Third Workshop on
Automatic Differentiation: Tools and Applications
held within ICCS 2006, Reading, UK, May 28-31, 2006
Automatic differentiation (AD) is a methodology for computing derivatives from computer codes, ensuring accuracy and allowing for efficient computation regimes through judicious use of the chain rule of differential calculus. We solicit papers describing advances both in the algorithmic underpinnings and implementation of AD tools as well as applications of such tools to advanced computational problems. Possible Topics include: Improved algorithms for computing Jacobians, Hessians, and Gradients; AD tools for advanced programming languages such as Matlab or domain-specific languages; Application studies of the use of AD tools and methodologies in sensitivity analysis, uncertainty, optimization, parameter identification or experimental design.

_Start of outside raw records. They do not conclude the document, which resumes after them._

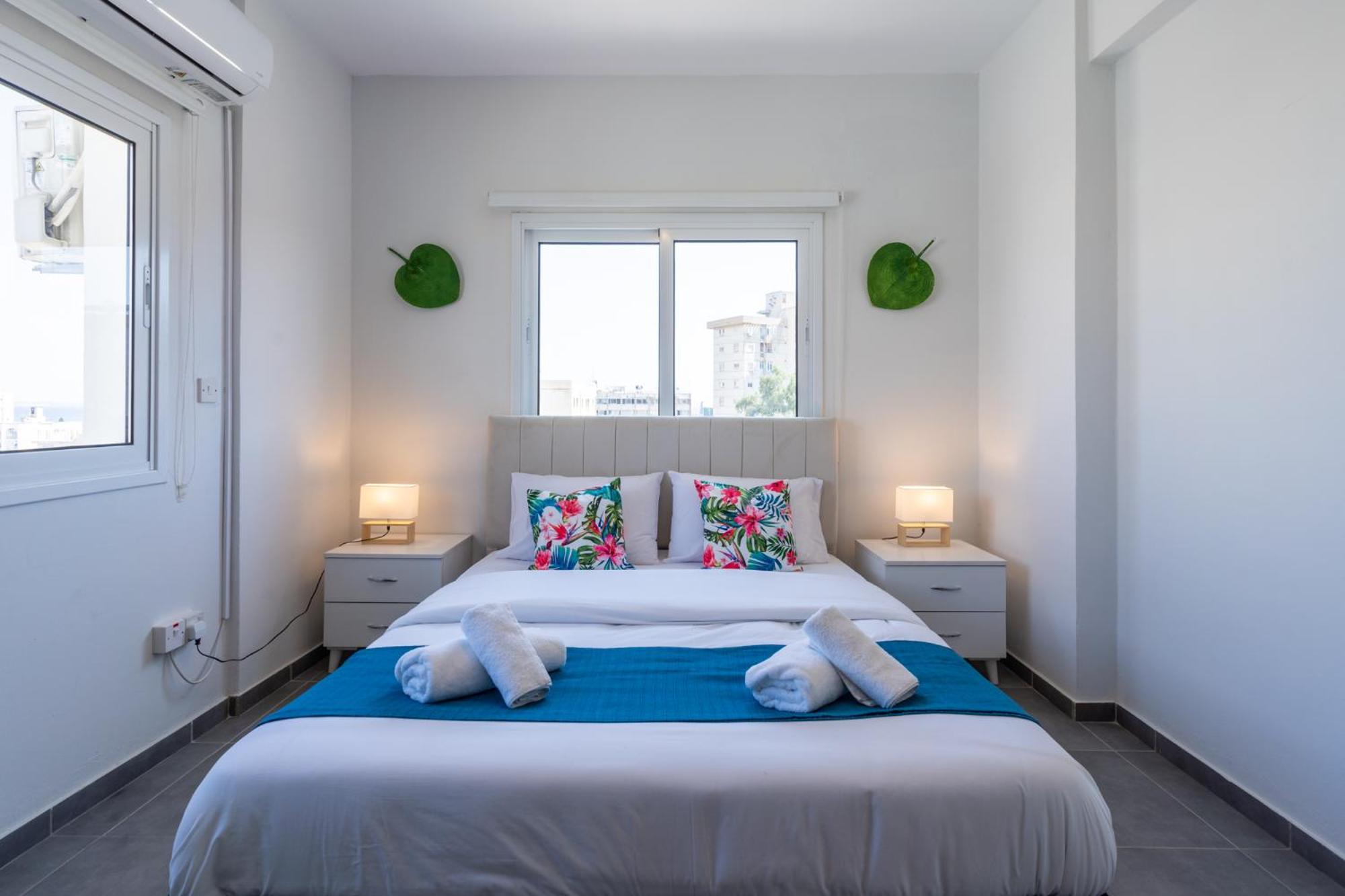 Diamond’s 2-Bedroom Apartment in Larnaca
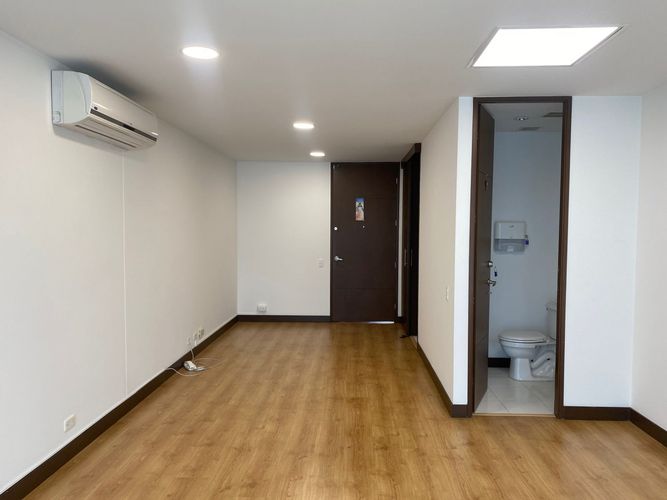Oficina en arriendo en El Poblado, Medellín, 38 m² · foto 3 de 9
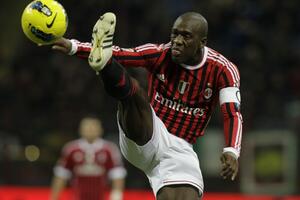 Sedorf mjesec van terena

Many methods for sensitivity analysis, uncertainty analysis, optimization, parameter identification and experimental design require the computation of derivatives df/dx from computer programs expressed in high-level languages as well as in thousands of lines of Fortran. The computational complexity, both in flops and in terms of memory, of computing such derivatives, may well determine the feasibility of such a computation, and the numerical accuracy of such derivatives may greatly impact the robustness of the method that employs such derivatives. Thus, AD can be viewed as an enabling technology for many such applications.